Indigenous populations: Cultural safety and humility are important when offering care. The First Nations Health Authority has stated, “For thousands of years, natural tobacco has been an integral part of Indigenous culture in many parts of British Columbia and Canada. Used in ritual, ceremony and prayer, tobacco was considered a sacred plant with immense healing and spiritual benefits. For these reasons, the tobacco plant should be treated with great respect. [Be] careful not to confuse traditional tobacco and its sacred uses with commercial tobacco.”1,2
Key Recommendations
- Tobacco use disorder (TUD) (defined in the DSM-5-TR), like other substance use disorders, is a chronic and often relapsing condition. Document smoking history by number of years spent smoking (now considered a better risk indicator than “pack years”). Ask regularly about smoking status and document tobacco use in the patient medical record, including number of cessation attempts. Use the Tobacco Cessation Algorithm (5 A’s Approach) see Figure 2. 3–9
- Acknowledge that relapse is common and can be expected. If a patient has resumed tobacco use, offer education and review and adjust their smoking cessation plan.3,4,7,9,10
- Continue to provide brief interventions (BI), which are effective when routinely repeated.3,4,7,10,11 Consider a motivational interviewing (MI) approach with all patients, including those not yet ready to stop smoking. See Practitioner Resources section for detailed MI information.3,8,9
- The most effective way to stop smoking is a combination of both pharmacotherapy and counselling.4–6,9–14 Treatment plans should be individually and collaboratively tailored.
- Ask regularly about and document vaping use (including youth). Advise and support efforts to quit vaping.
Background
Tobacco use disorder (TUD), like other substance use disorders, is a chronic and often relapsing condition. Smoking cessation is associated with a significant reduction in morbidity and mortality rates. Timelines for specific benefits are outlined in the diagram below, Figure 1: Benefits of Stopping Smoking. Compared to patients who continue to smoke, people who have stopped smoking experience reductions in anxiety, depression, and stress symptoms as well as improvements in positive feelings and mental wellness.15,16
Previously, pack years were used to help stratify health risks. Rather than pack years, the number of years spent smoking is now considered to be a better risk indicator.
Different forms of tobacco use present different harms. Table 1: Tobacco and Nicotine Use Overview (below) details these differences
Radon exposure acts synergistically with smoking to increase lung cancer risk.
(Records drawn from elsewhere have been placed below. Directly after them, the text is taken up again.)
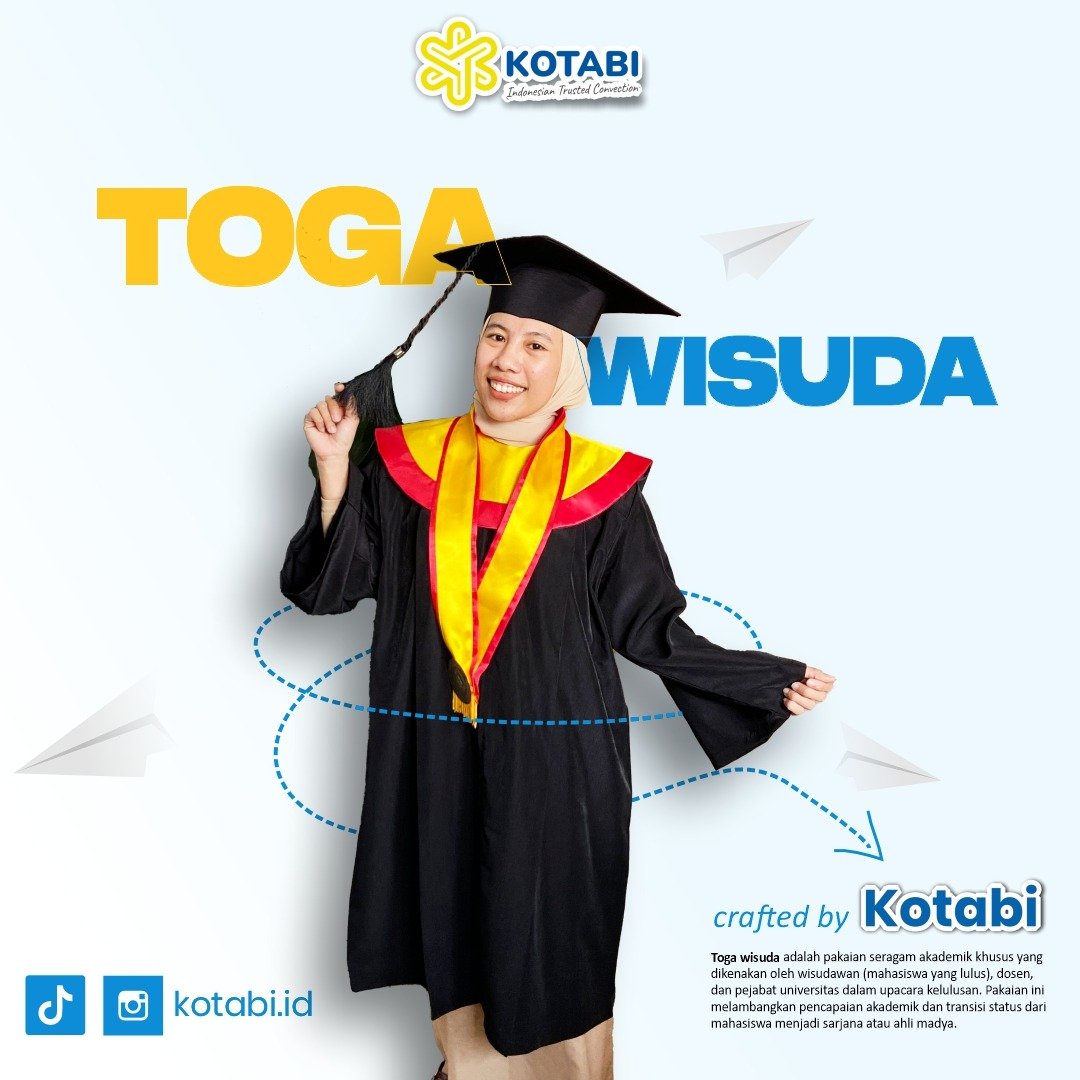 Toga Wisuda Lengkap Murah Jakarta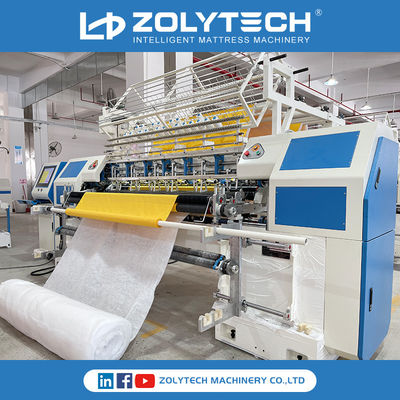 উচ্চ কর্মক্ষমতা Duvets Multineedle Quilting মেশিন প্রস্তুতকারক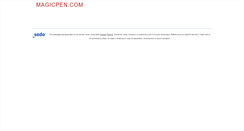 Desktop Screenshot of magicpen.com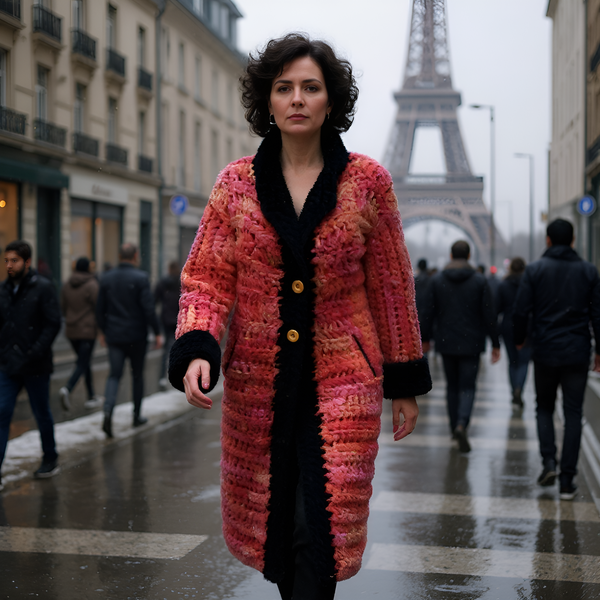 Manteau Châtelaine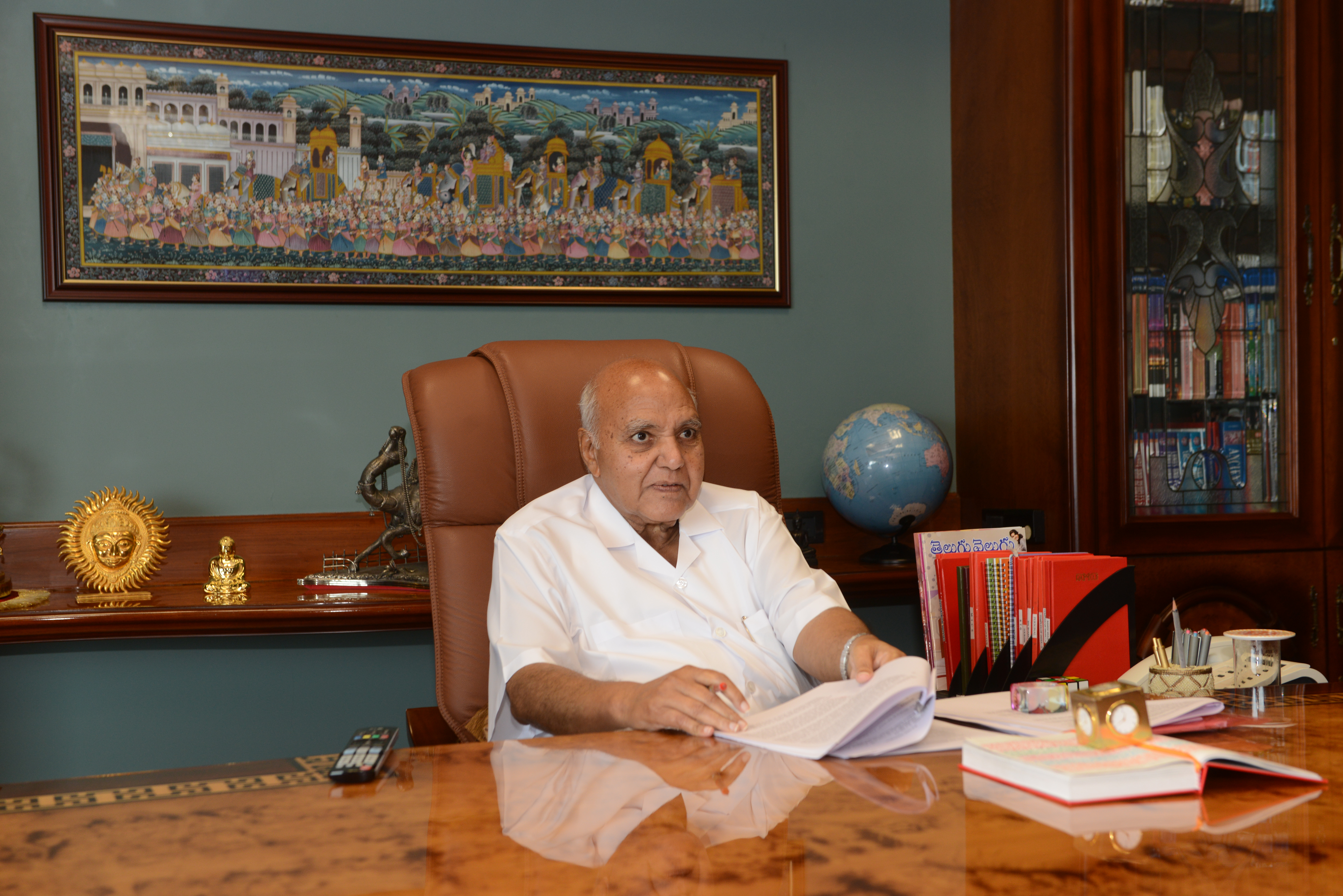 ETV Group Founder Ramoji Rao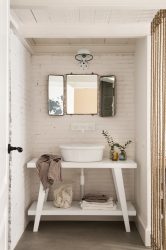 Design de casa de banho em estilo provençal - romance suave para corpo e alma (mais de 205 fotografias)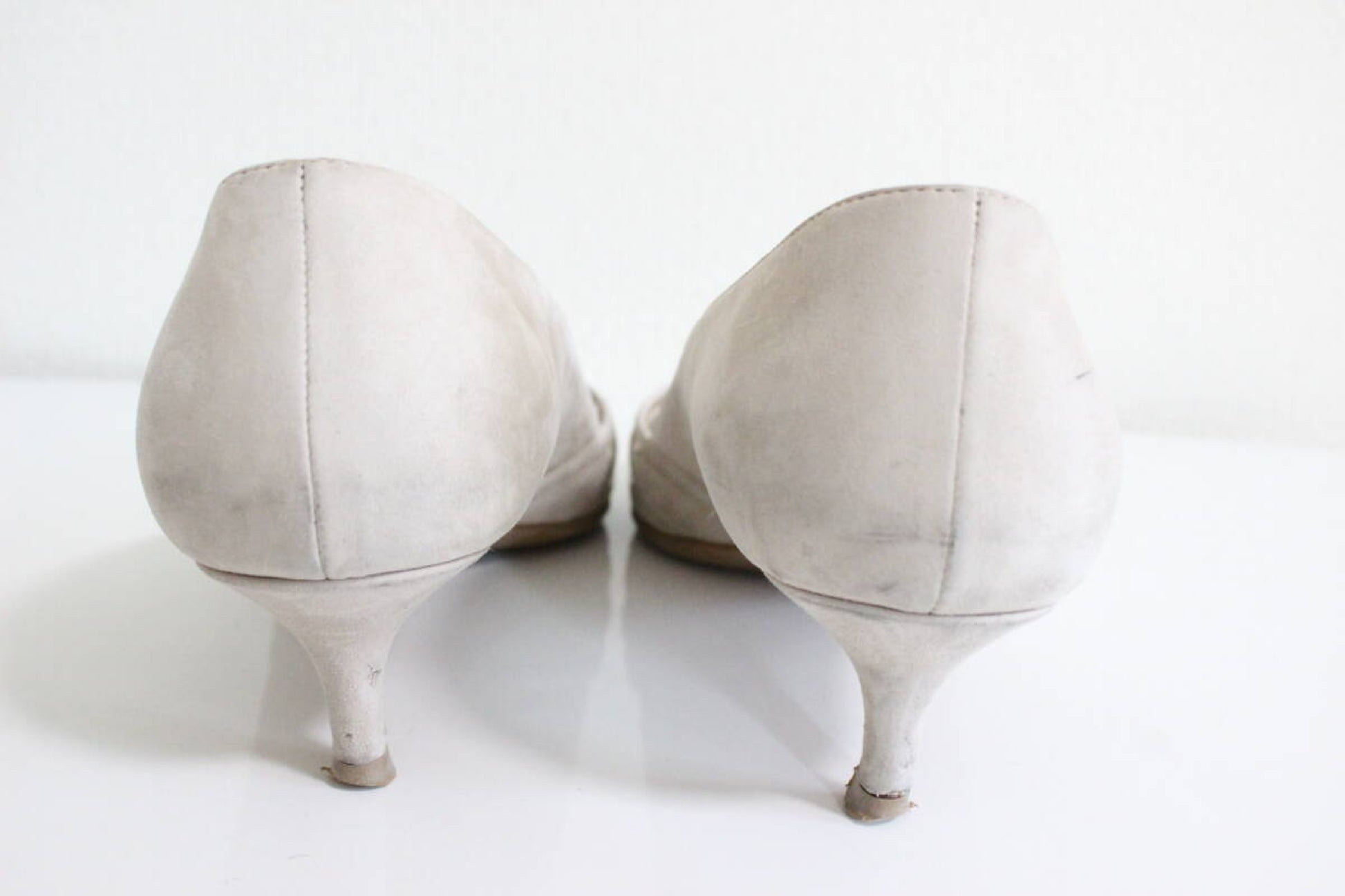 PRADA Prada Suede Pumps Size 38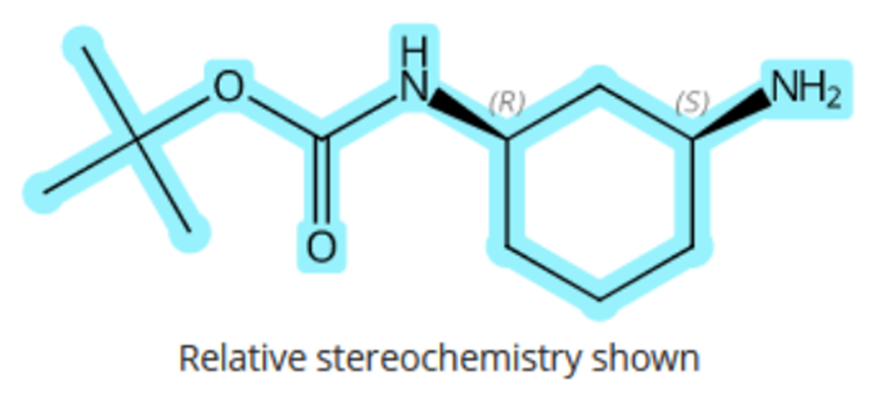 N-[顺式-3-氨基环己基]氨基甲酸叔丁酯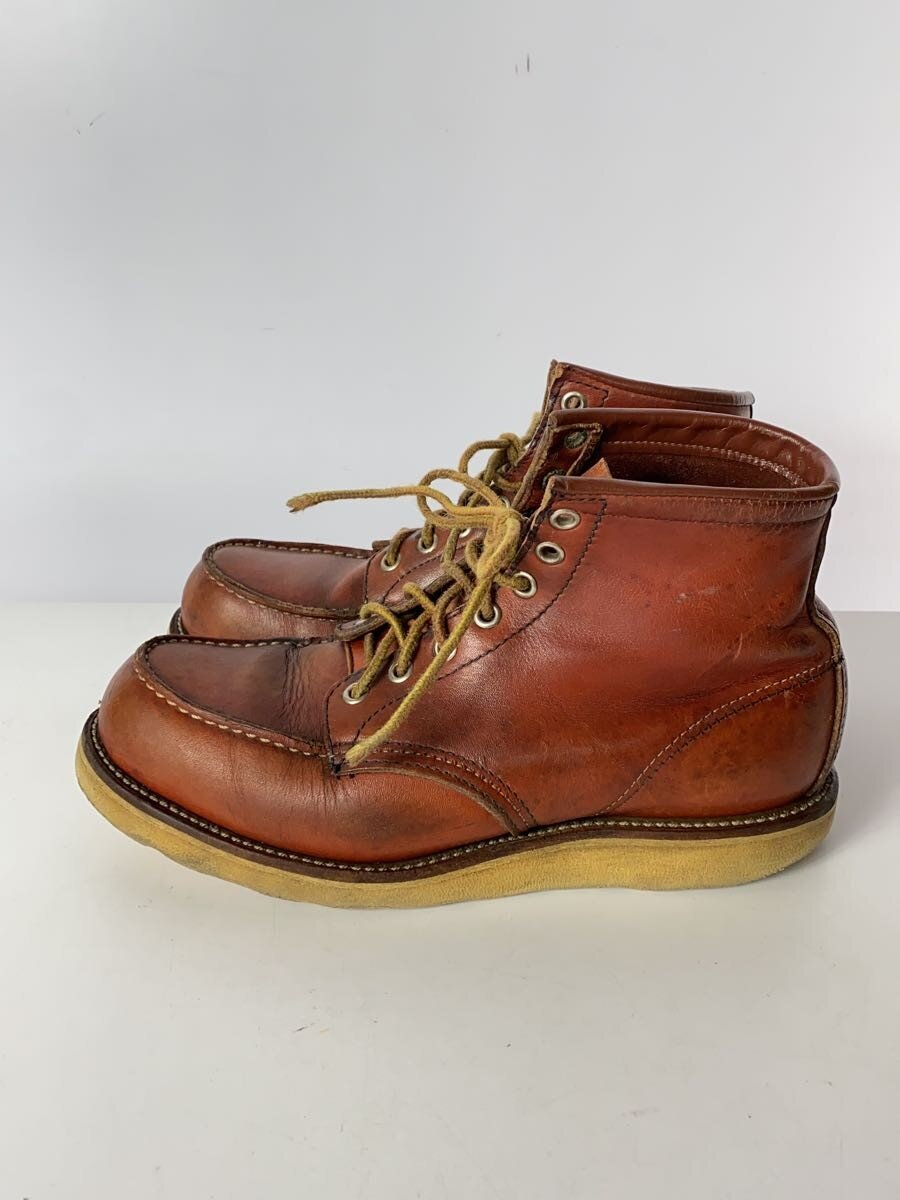 【中古】RED WING◆90s/レースアップブーツ/BRW/レザー/9871【シューズ】|2nd STREET 店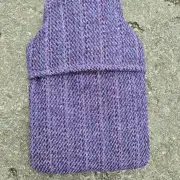 Hot Water Bottle with Cover image 2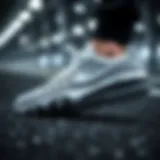 Nike Waffle shoe showcasing its unique design features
Concerning levels of radon are present in many BC communities (refer to the BCCDC webpage).
Epidemiology
The 2022 Canadian Nicotine and Tobacco Survey (CNTS) found that 5.3% of BC youth and 8.5% of BC adults smoked.19
Tobacco smoking is the leading cause of preventable death in British Columbia, accounting for approximately 6,000 deaths annually. In BC, more deaths are due to smoking than to the combination of deaths due to all other drugs, motor vehicle collisions, murder, suicide, and HIV/AIDS.20, 21, 22 Individuals who smoke die on average 10 years prematurely, and those who start smoking younger, are at increased risk of premature death.23-25
The main causes of smoking-related deaths are cancers (e.g., lung, oral, esophageal, laryngeal), cardiovascular disease, and respiratory diseases. Other cancers, such as liver, pancreatic, and cervical, can be caused by smoking.26
Screening and Brief Intervention
TUD can be quickly and easily identified. Ask regularly about smoking status and document tobacco use in the patient medical record, including number of cessation attempts. Use the 5 A’s approach to discuss readiness to stop.3–9 Further details can be found in the World Health Organization’s Toolkit for delivering the 5A’s and 5R’s brief tobacco interventions in primary care. Smoking cessation programs provide support to those who plan to quit smoking. Encourage patients to connect with QuitNow or to the FNHA’s Talk Tobacco Program.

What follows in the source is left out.